Wyrok z dnia 2010-03-04 sygn. I CSK 407/09
Numer BOS: 27071
Data orzeczenia: 2010-03-04
Rodzaj organu orzekającego: Sąd Najwyższy
Sędziowie: Katarzyna Tyczka-Rote SSN, Krzysztof Pietrzykowski SSN (przewodniczący), Marek Sychowicz SSN (autor uzasadnienia, sprawozdawca)
Najważniejsze fragmenty orzeczenia w Standardach:
- Przedawnienie roszczeń odszkodowawczych ex contractu (początek biegu przedawnienia)
- Uwzględnienie zarzutu przedawnienia przez sąd II instancji bez względu na zarzuty apelacji
- Lucrum cessans; utracone korzyści
Sygn. akt I CSK 407/09
WYROK
W IMIENIU RZECZYPOSPOLITEJ POLSKIEJ
Dnia 4 marca 2010 r.
Początek biegu terminu przedawnienia roszczenia o naprawienie szkody wynikłej z nienależytego wykonania umowy (art. 471 k.c.), gdy roszczenie obejmuje odszkodowanie z tytułu utraconych korzyści ze względu na nieotrzymanie wynagrodzenia za czas po rozwiązaniu umowy, powinien być ustalony oddzielnie dla poszczególnych świadczeń obejmujących naprawienie szkody spowodowanej nieotrzymaniem wynagrodzenia w kolejnych okresach, w których zgodnie z umową miało ono być wypłacone.
W sprawie o naprawienie szkody spowodowanej nienależytym wykonaniem umowy o zarządzanie przedsiębiorstwem państwowym (art. 45a ustawy z dnia 25 września 1981 r. o przedsiębiorstwach państwowych, tekst jedn.: Dz.
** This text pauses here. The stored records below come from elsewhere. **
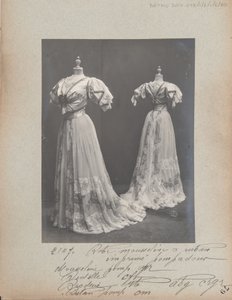 House of Worth, Costume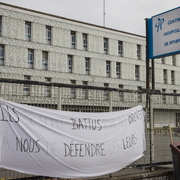 Manifestation syndicale
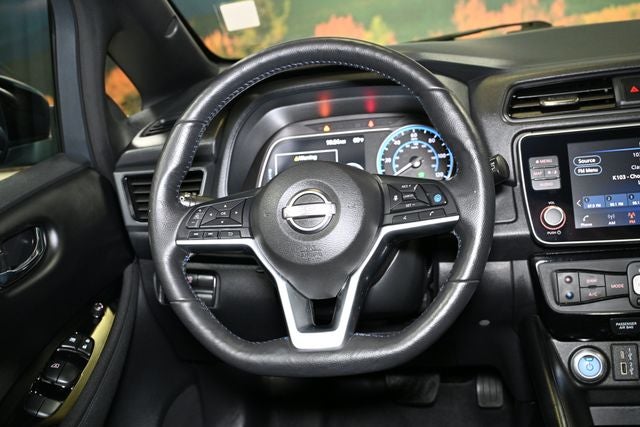 2023 Nissan Leaf SV Plus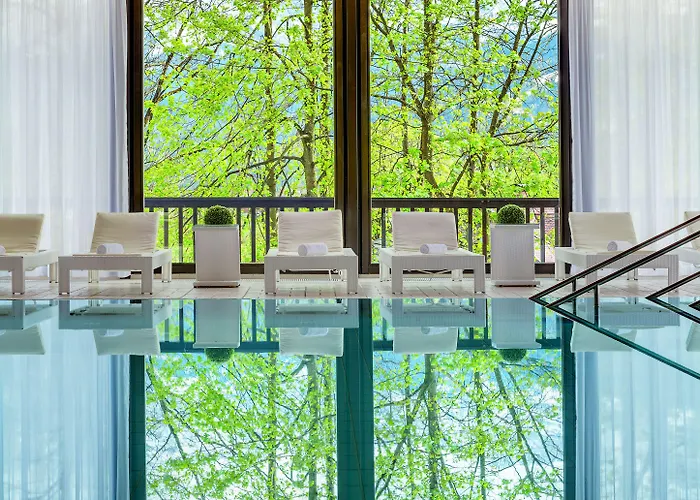 Hotel Grand Sonnenbichl 4*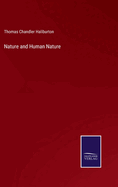 Nature and Human Nature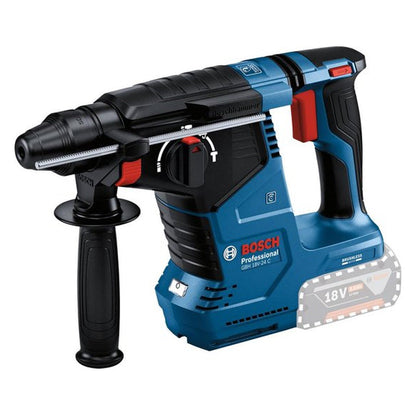 Pack 4 outils 18V BSH : GSR 18V-110C + GDX 18V-210C + GWS 18V-10 + GBH 18V-24C + 1 batterie 4,0 Ah (ProCORE) + 2 batteries 5,5 Ah (ProCORE) + GAL 1880CV (L)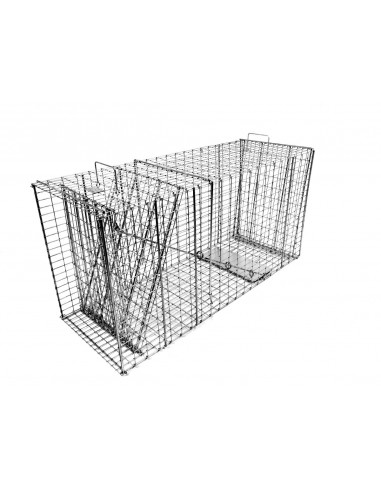 Klatka pułapka składana 209.5 - lisy...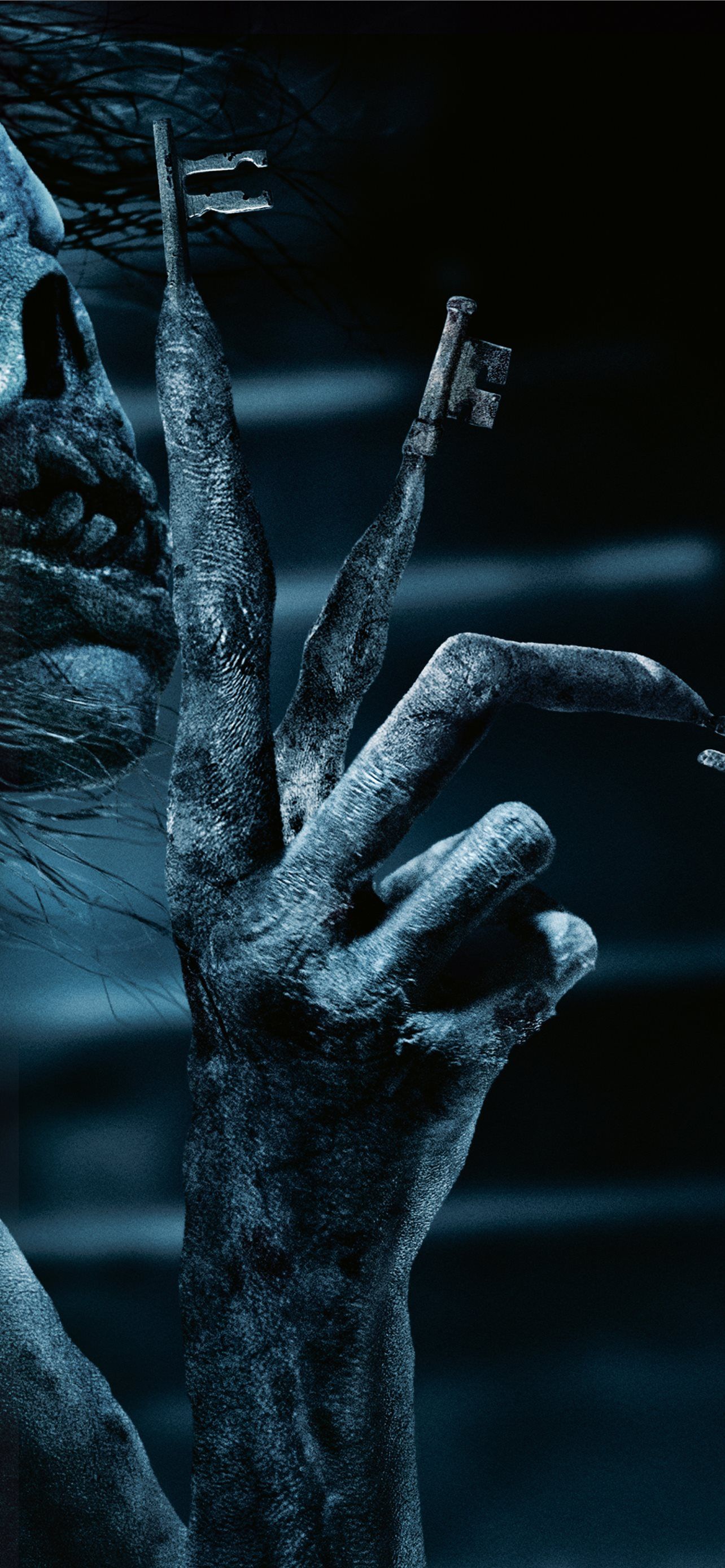 1284x2778 Latest Insidious iPhone HD Wallpaper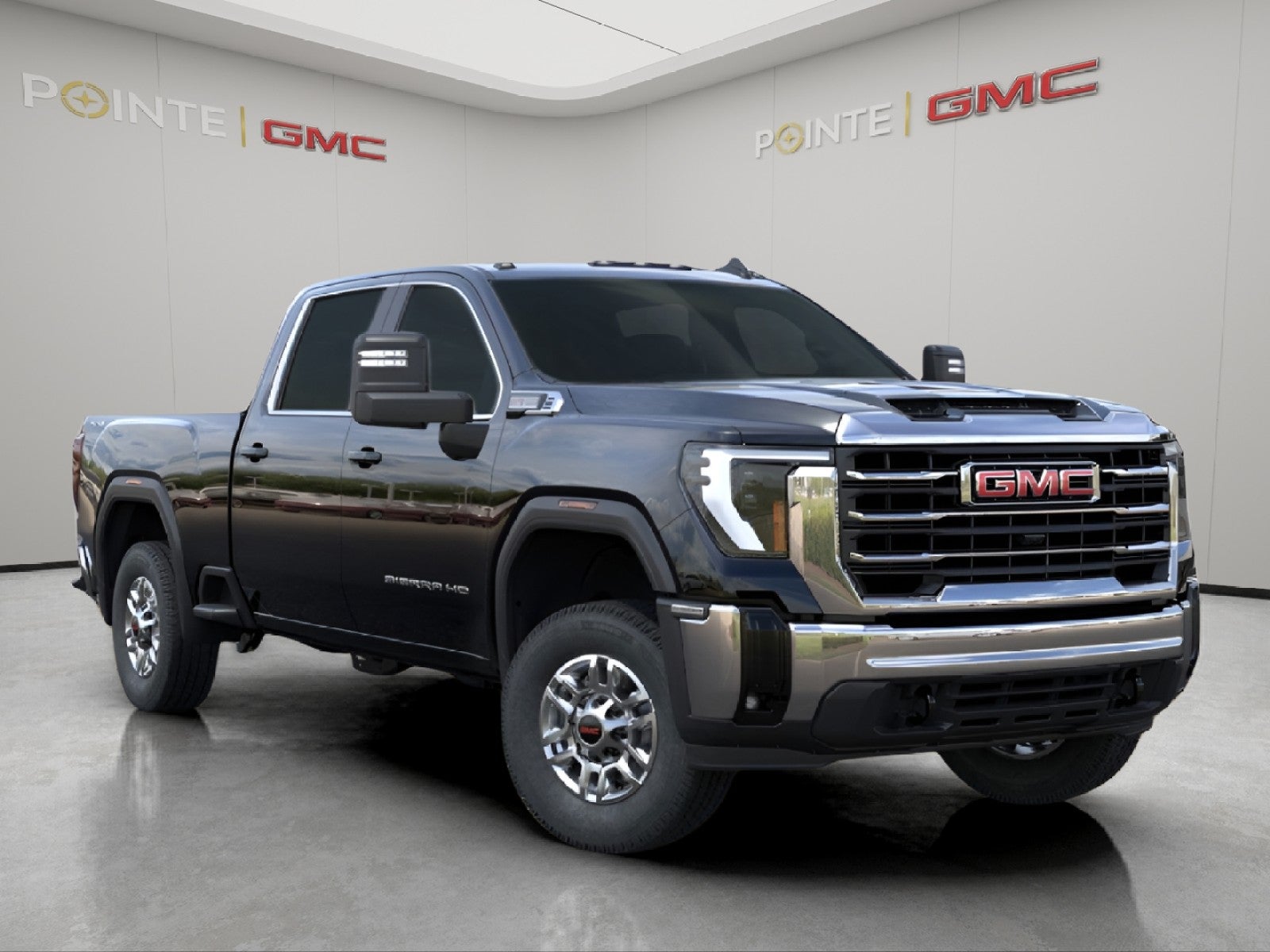 2025 GMC Sierra 2500 HD SLE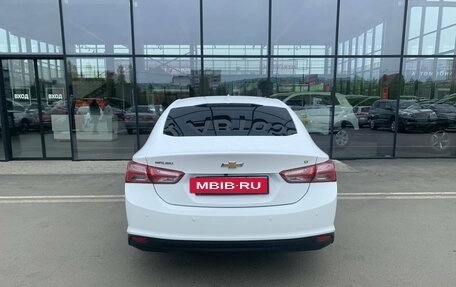 Chevrolet Malibu IX, 2020 год, 1 560 000 рублей, 5 фотография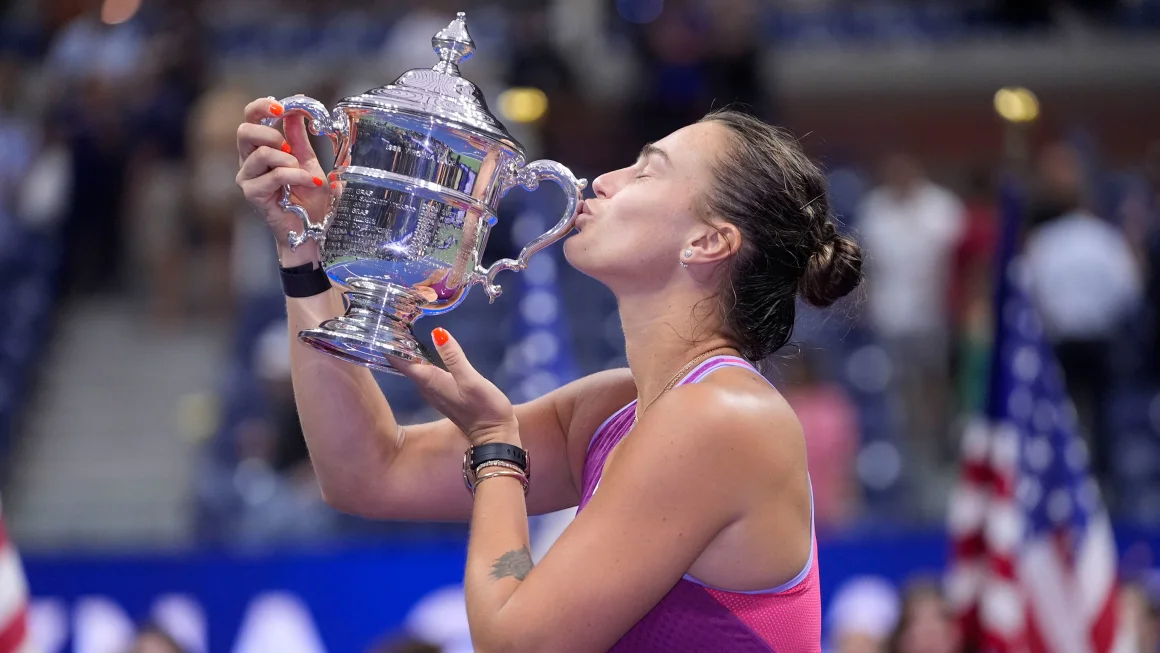 Sabalenka Defeats Pegula to Win US Open Women's Final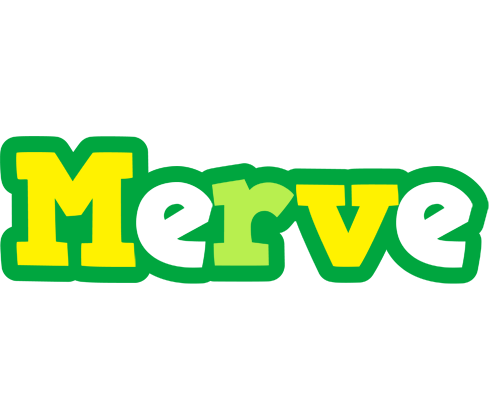 Merve soccer logo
U. z 2002 r. Nr 112, poz. 981 ze zm.) biernie legitymowany jest Skarb Państwa, a nie przedsiębiorstwo.
Sąd Najwyższy w składzie:
SSN Krzysztof Pietrzykowski (przewodniczący)
SSN Marek Sychowicz (sprawozdawca)
SSN Katarzyna Tyczka-Rote
w sprawie z powództwa M. K.
przeciwko Przedsiębiorstwu Państwowej Komunikacji Samochodowej w W. o zapłatę,
po rozpoznaniu na posiedzeniu niejawnym w Izbie Cywilnej w dniu 4 marca 2010 r., skargi kasacyjnej powoda
od wyroku Sądu Apelacyjnego
z dnia 20 marca 2009 r., sygn. akt I ACa (…),
oddala skargę kasacyjną;
zasądza od powoda na rzecz pozwanego kwotę 3.600 (trzy tysiące sześćset) złotych tytułem zwrotu kosztów postępowania kasacyjnego.
Uzasadnienie
M. K. wniósł o zasądzenie na jego rzecz od Skarbu Państwa – Wojewody X kwoty 350.004,34 zł z odsetkami ustawowymi tytułem naprawienia szkody w postaci utraconego wynagrodzenia za okres od grudnia 2001 r. do marca 2004 r., jaką poniósł na skutek bezpodstawnego rozwiązania z nim umowy o zarządzanie Przedsiębiorstwem Państwowej Komunikacji Samochodowej w W. (dalej – „Przedsiębiorstwo PKS”).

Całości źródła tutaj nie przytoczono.